In some embodiments, in addition to memory die processing circuits
404 and logic die processing circuits 302, processor 102 is
configured to perform a fully-featured set of operations on
received data, which may or may not be more operations than logic
die processing circuits 302 are configured to perform (i.e., in
some embodiments logic die processing circuits 302 support many, if
not all, of a fully-featured set of operations).
[0042] In some embodiments, processor 102 is configured to generate
sent command 208 which is received by one of logic die 300 (as
received command 310) or memory die 400 (as received command 412)

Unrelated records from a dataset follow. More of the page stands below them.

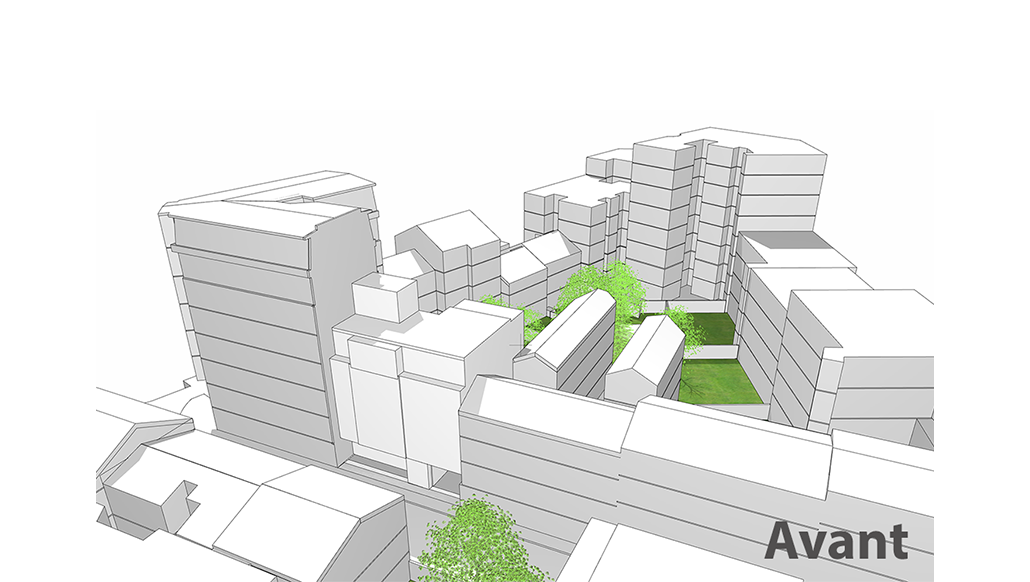 Transformation de bureaux en logements, extension et sur-élévation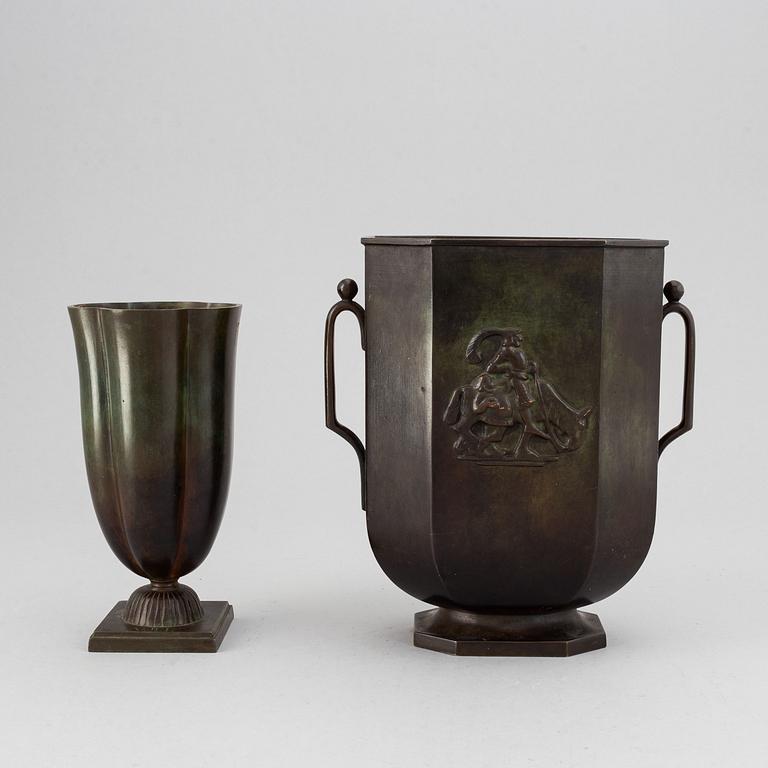 Two Swedish Grace bronze vases from GAB Brons, 1920's/30's.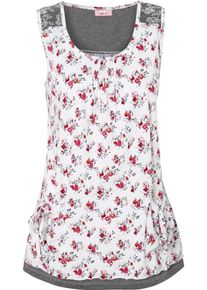 Joe Browns, Damen Bedrucktes Top, Hellgrau / Grün / Rot / Weiß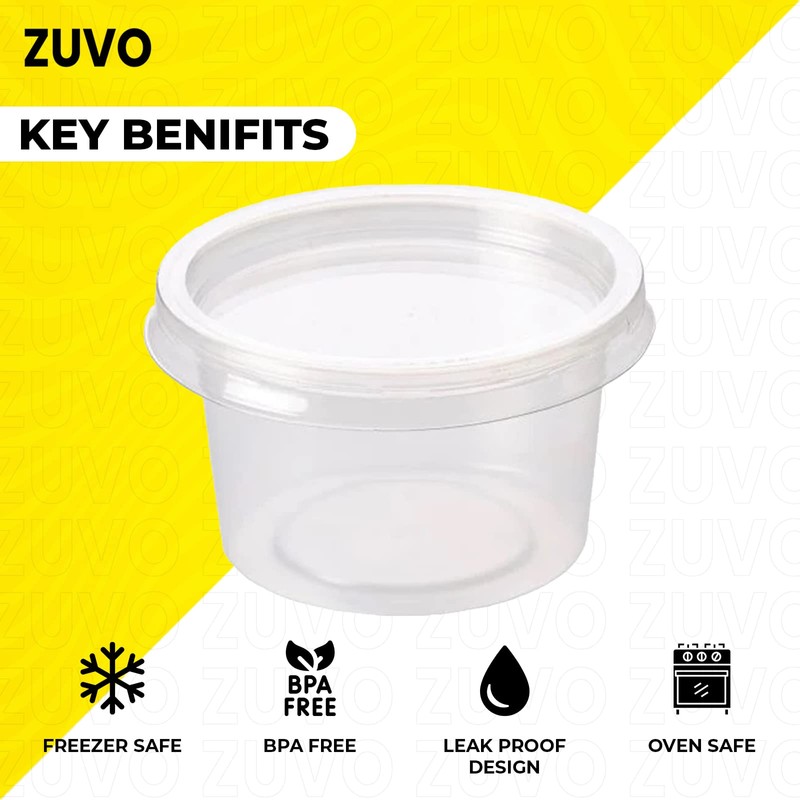 Zuvo Plastic Sauce Containers with Lids - 04 OZ (50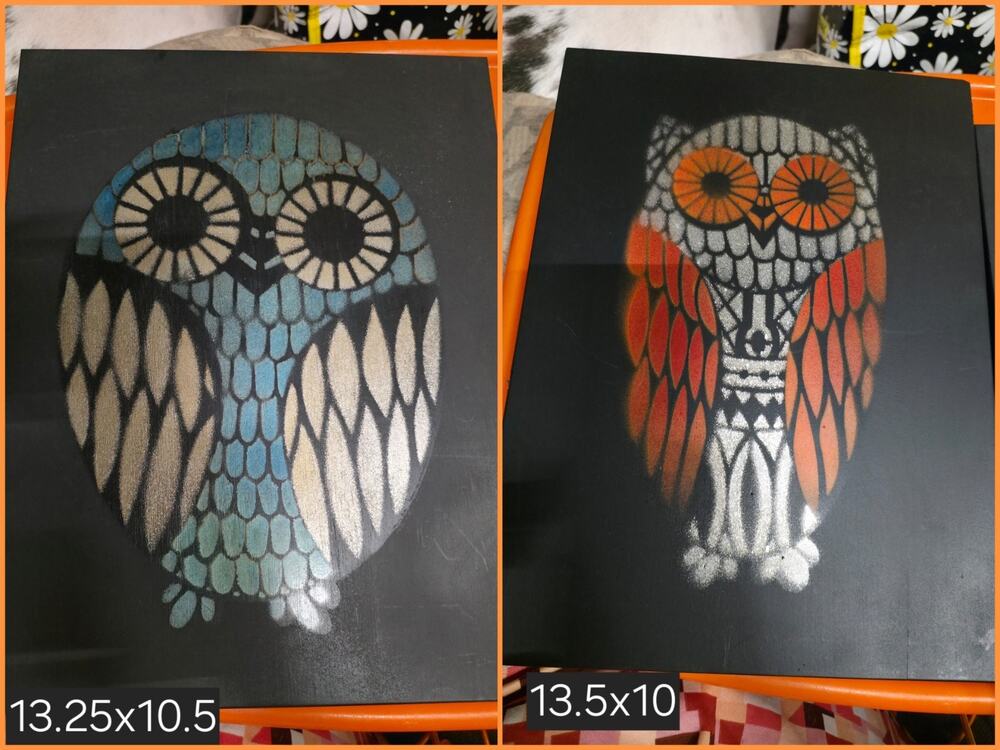 Vtg 1970 E Gould Owl Wall Art Panel Pair MCM Retro Mod Graphic Plaques Signed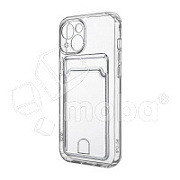 Чехол-накладка для iPhone 13 mini (с защитой камеры, карманом для карт, прозрачный)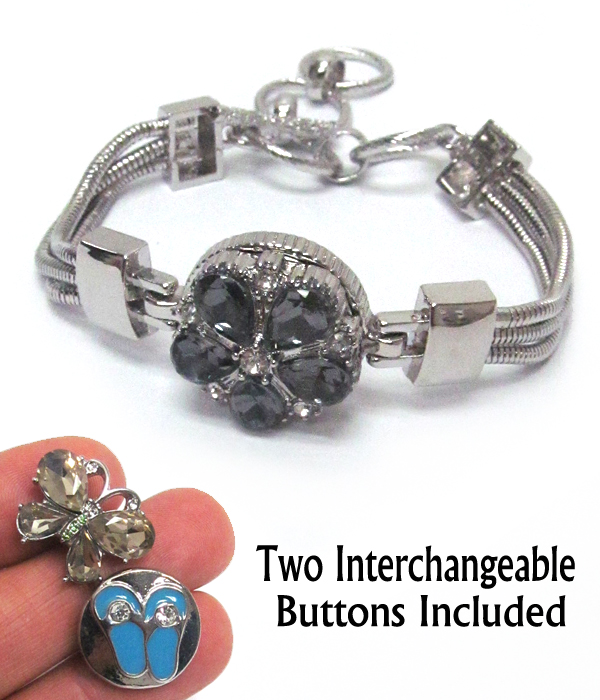 INTERCHANGEABLE BUTTON TOGGLE BRACELET - RANDOMLY PICK TWO BUTTONS INCLUDED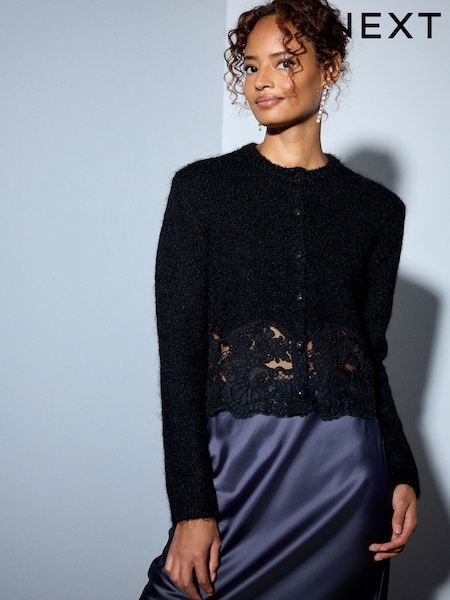 Black - Lace Trim Long Sleeve Knit Cardigan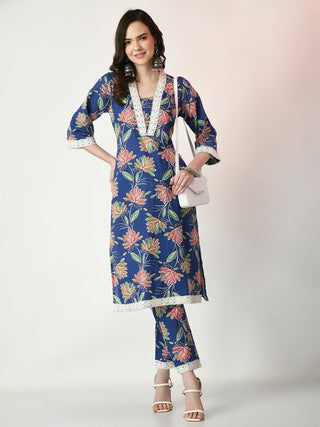 Myshka Women's Blue Printed Kurta With Trousers - Distacart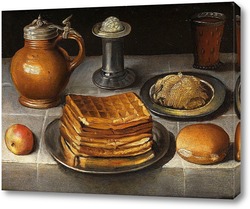   Постер Натюрморт с оловянными тарелками, каменной кружкой и вафлями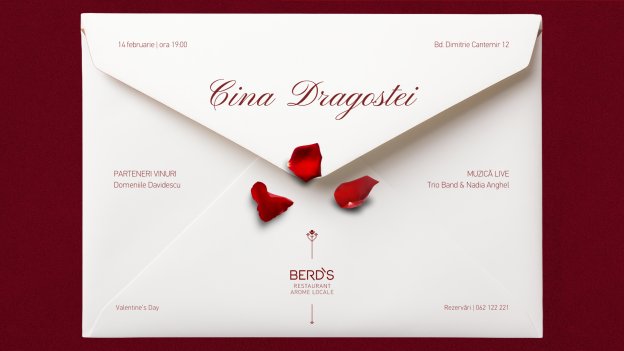 Cina Dragostei în colaborare cu Vinăria "Domeniile Davidescu" și Muzică Live | Trio Band & Nadia Anghel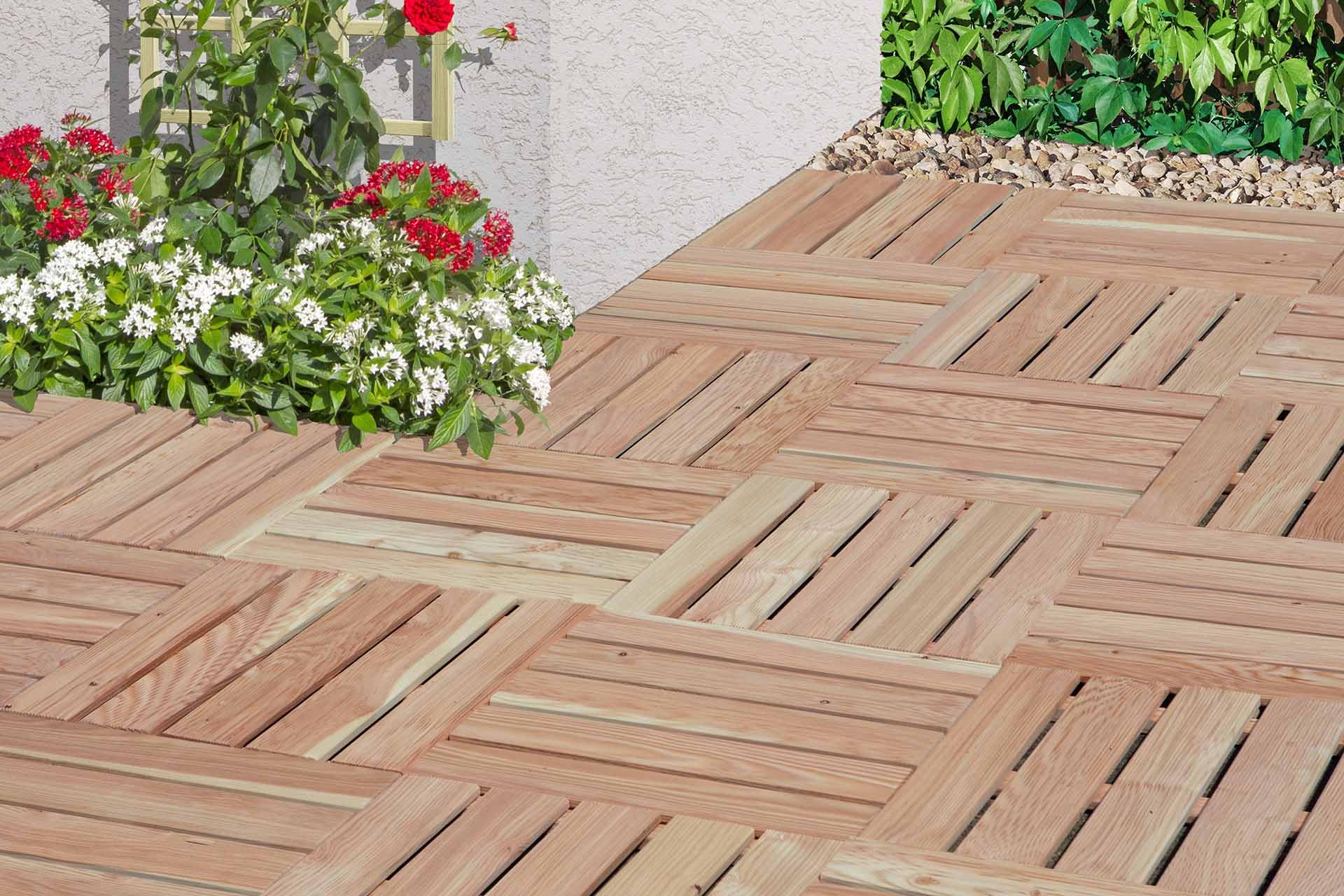 6 Stück Holzfliesen aus Lärchenholz 40 x 40 cm - Wetterfester Outdoor-Bodenbelag für Terrasse, Balkon & Garten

that cause one of logic die processing circuits 302 or memory die
processing circuits 404 to perform one or more corresponding
operations on data retrieved from and/or destined for memory
circuits 402. For example, in some embodiments, a hardware
monitoring mechanism and/or an operating system, an application, a
just-in-time compiler, and/or other software being executed by
processor 102 (generally, "software") may detect that an operation
is to be performed for data retrieved from and/or destined for
memory circuits 402 and may further determine that logic die
processing circuits 302 and/or memory die processing circuits 404
are configured to perform the operation. The hardware monitoring
mechanism and/or software may generate one or more commands to be
sent to controller 304 and/or controller 406 that cause the
corresponding operations to be performed by logic die processing
circuits 302 and/or memory die processing circuits 404,
respectively. For example, the hardware monitoring mechanism and/or
software may determine that a given value is to be added to data
retrieved from memory circuits 402 and may send command 412 to
controller 406 to cause memory die processing circuits 404 to
perform the addition on the data. In this case, the command may
indicate that the addition operation is to be performed (via an
opcode, an operation reference, a program counter, etc.), may
identify the data, and may include other information about the
command (e.g., a priority, a correctness verification value,
etc.).
[0043] In some embodiments, one or both of controller 304 and
controller 406 is configured to send commands to other functional
blocks in computing device 100. For example, in some embodiments,
controller 304 is configured to send commands 312 to controller
406, the commands configured to cause memory die processing
circuits 404 to perform corresponding operations. In these
embodiments, command 310 received by controller 304, e.g., from
processor 102, may include commands to cause the performance of
operations that are to be performed in memory die processing
circuits 404 (e.g., that logic die processing circuits 302 may be
able to perform, but which are more efficiently performed in memory
die processing circuits 404 or are otherwise to be performed in
memory die processing circuits 404). For such commands 310, in some
embodiments, controller 304 is configured to extract/generate
corresponding commands for controller 304 and send the extracted
commands as command 312 to controller 406 (which controller 406
receives as command 412). In a similar way, in some embodiments,
controller 406 is configured to send command 414 to controller 304
to cause controller 304 to perform corresponding operations.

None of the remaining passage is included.